Stored items from a collection
========================================

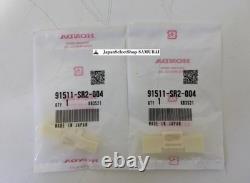 HONDA OEM Acura Integra DC1 DC2 94-01 Front Windshield Molding Set Genuine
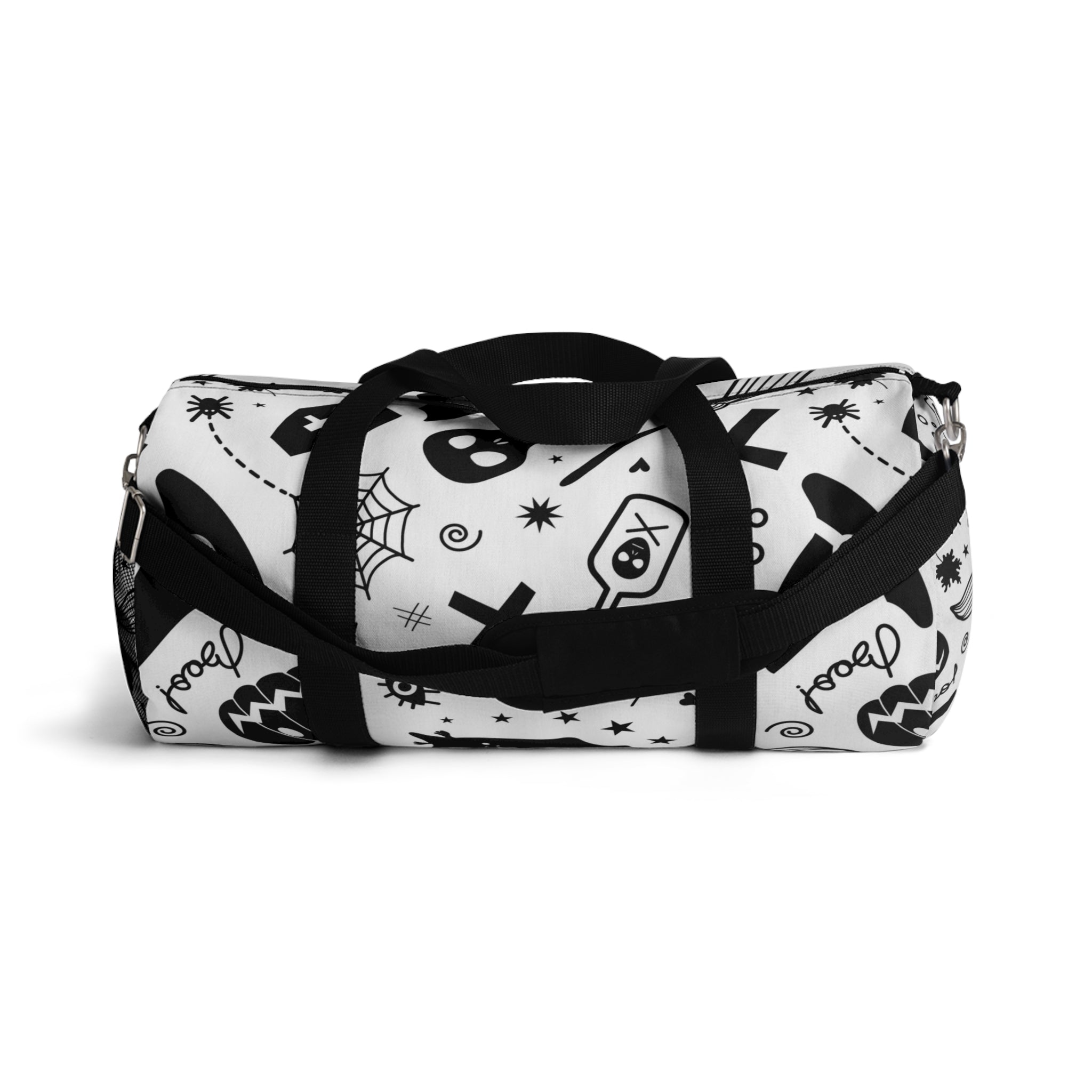 Witch's Secret Recipe Season Duffel Bag
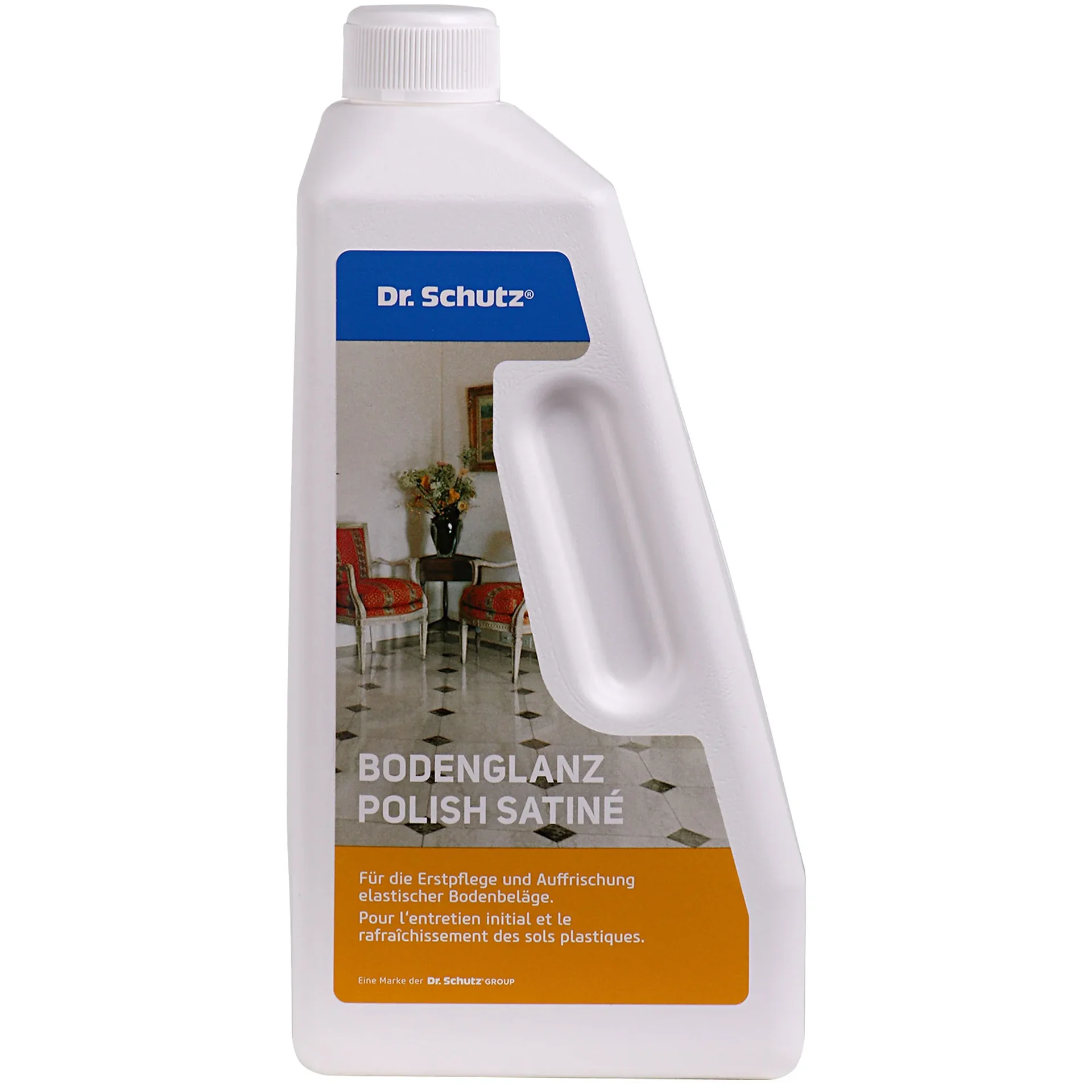 "Nettoyant sol brillant 750ml, Entretien sol brillant, pour 15m² image"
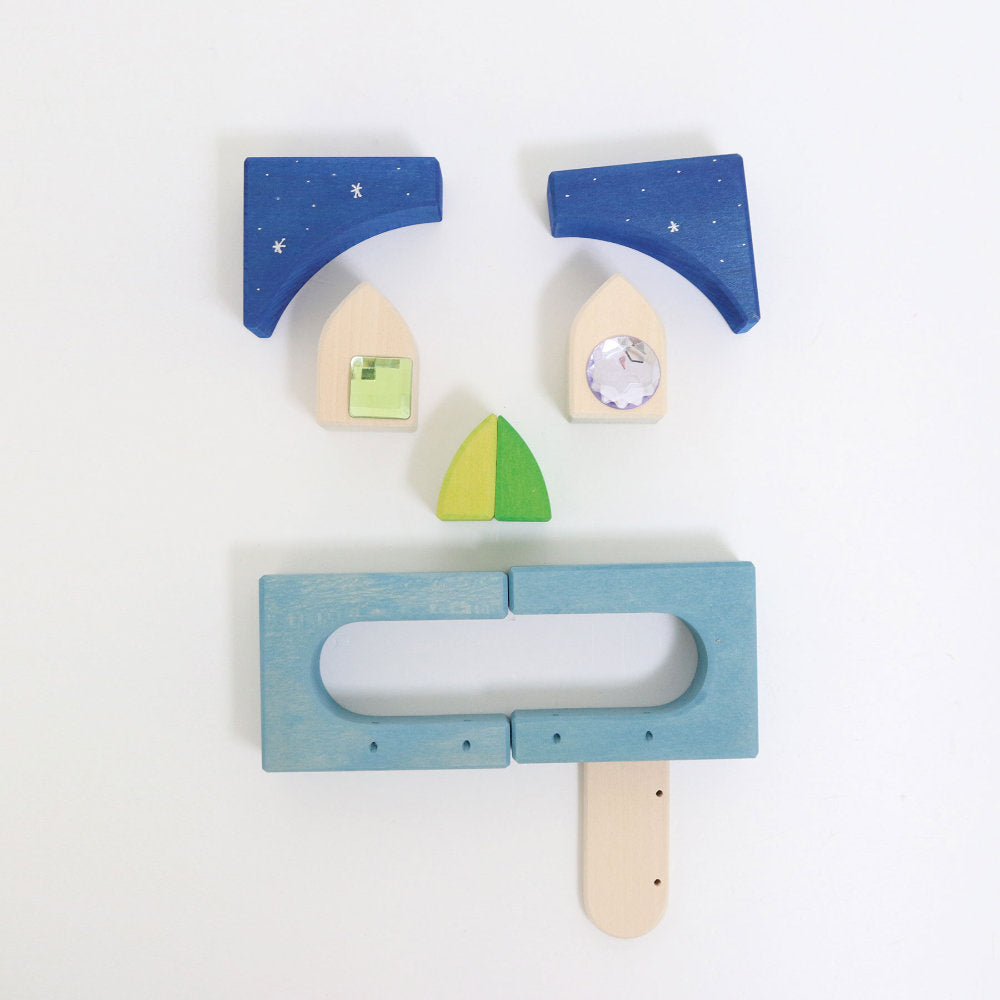 Grimm's | Bauwelt Polarlicht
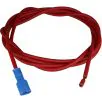 MAZZONI POWER CABLE for 12V TRANSFORMER (RED) - 0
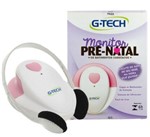 Ficha técnica e caractérísticas do produto Monitor (doppler) Pré-natal de Batimentos Cardíacos - G-tech - G-Tech - Accumed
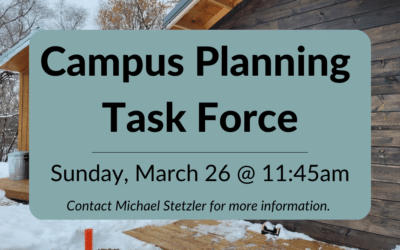 Campus Planning Task Force
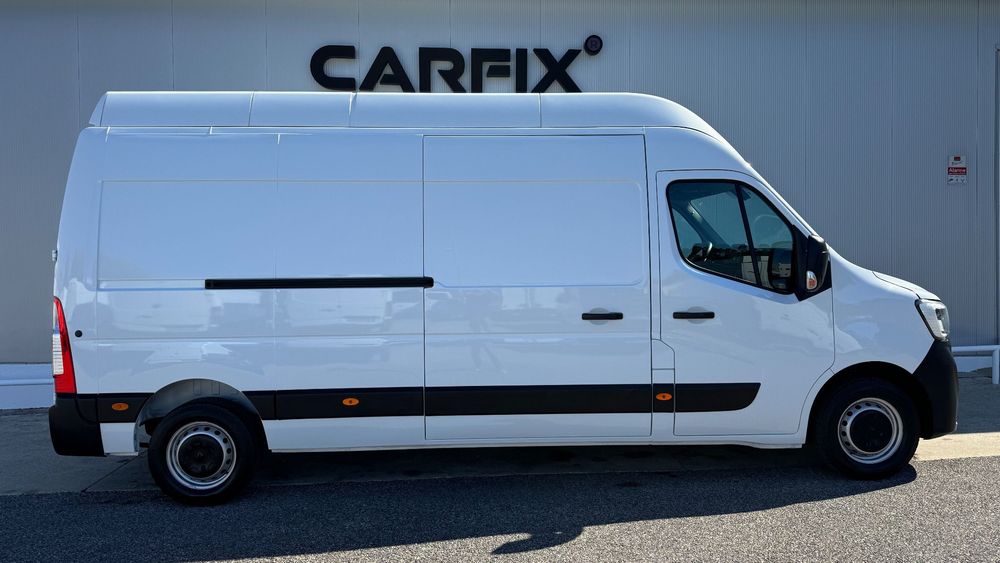 Renault Master 2.3 dCi L3 H3 Novo Modelo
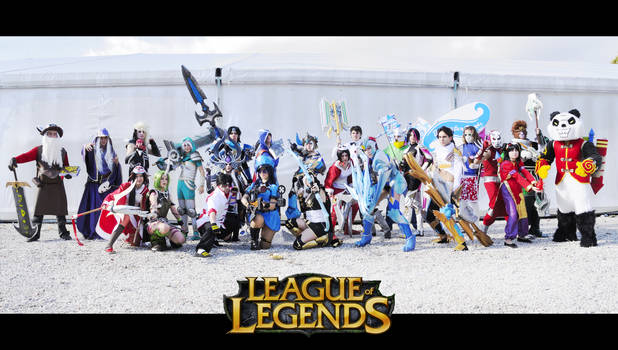 League of Legends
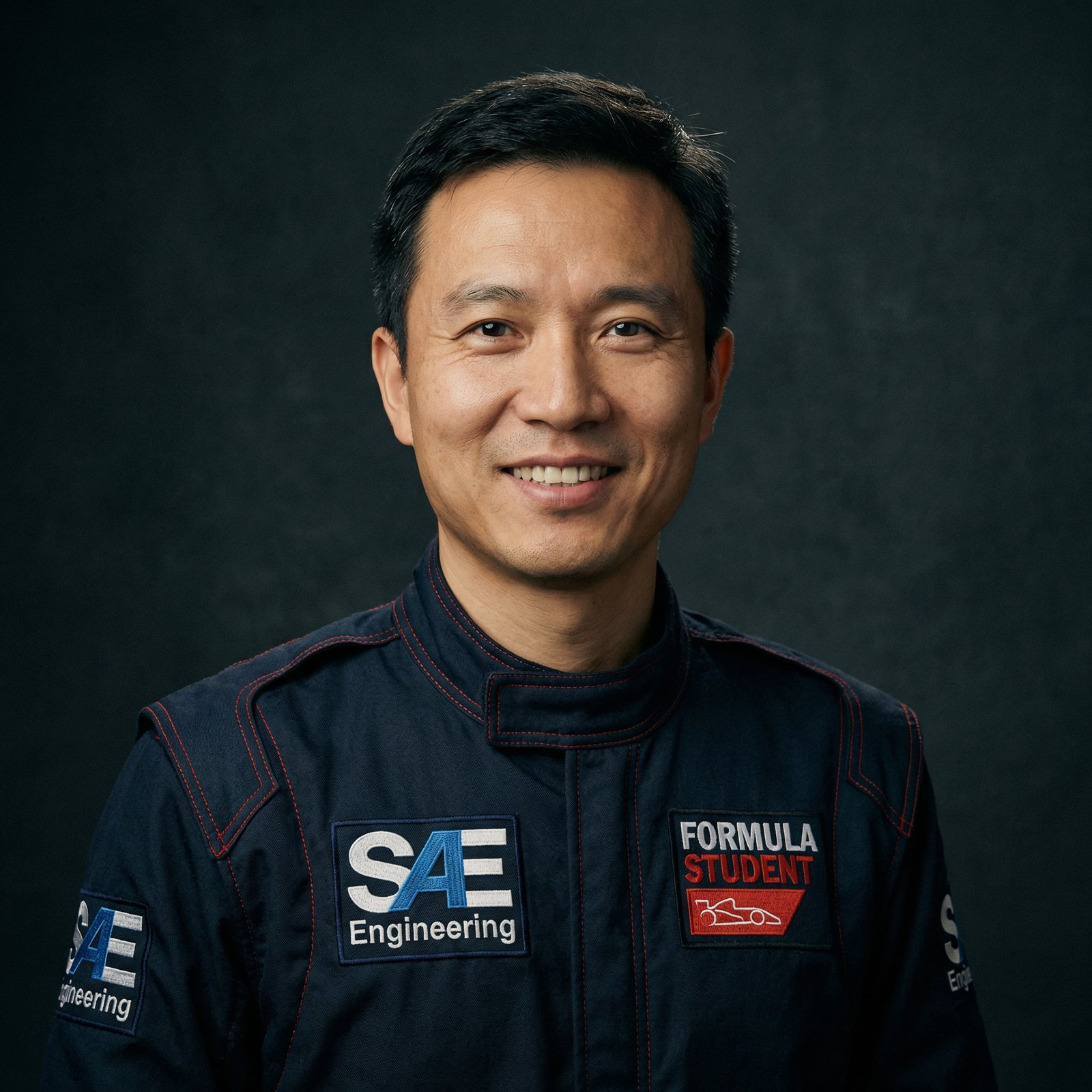 海角社区改装专家陈志远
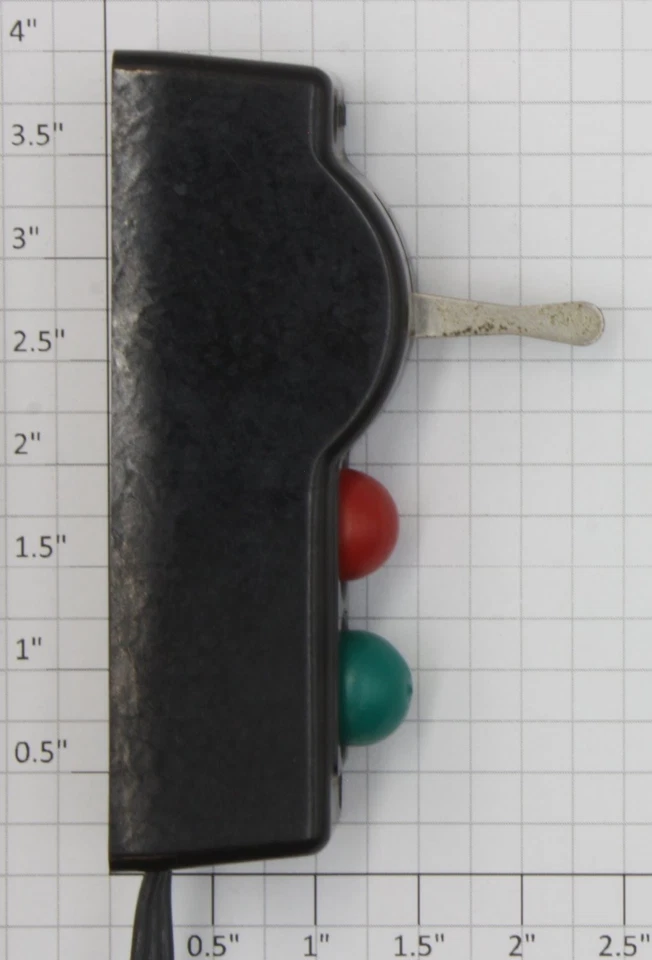 Controlador Interruptor Lionel O22C-1 O22 en Muy Buen Estado Foto 2 de 2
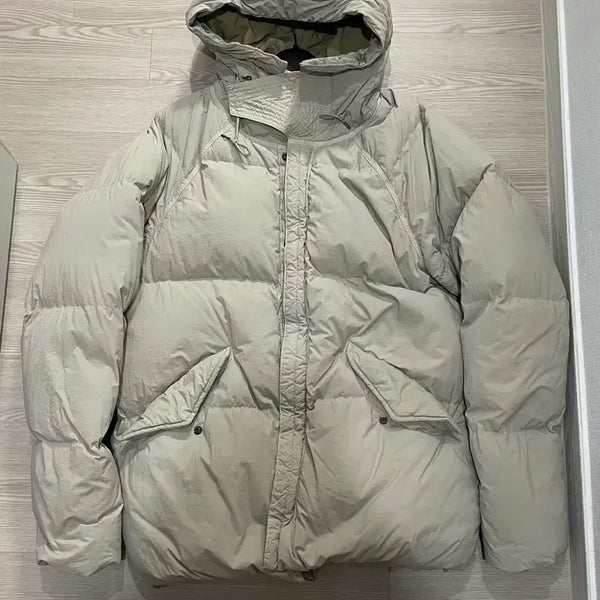 [BUNJANG] 10SEI070 ARCTIC Pale Taupe Size 50 / [105] 텐씨 아틱 페일 토프 50사이즈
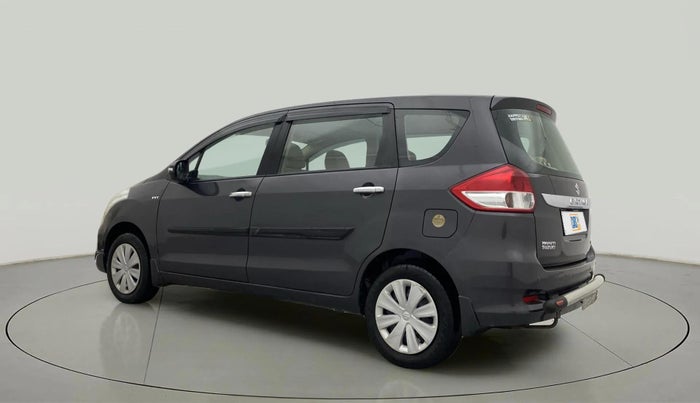 2017 Maruti Ertiga VXI, Petrol, Manual, 61,537 km, Left Back Diagonal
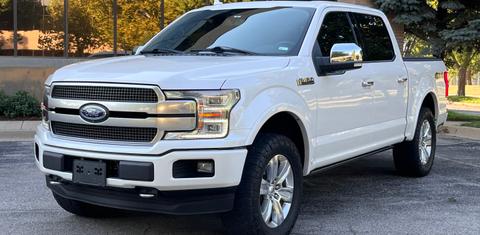 Ford F-150 2018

========================================

_Exercise_:
The reply needs to repeat exactly the line containing "League of Legends" and each line after it, through the final line of the entries above, and to skip the pictures.

_Answer box_:
 League of Legends
 海角社区改装专家陈志远
 Controlador Interruptor Lionel O22C-1 O22 en Muy Buen Estado Foto 2 de 2
 [BUNJANG] 10SEI070 ARCTIC Pale Taupe Size 50 / [105] 텐씨 아틱 페일 토프 50사이즈
 2017 Maruti Ertiga VXI, Petrol, Manual, 61,537 km, Left Back Diagonal
 Ford F-150 2018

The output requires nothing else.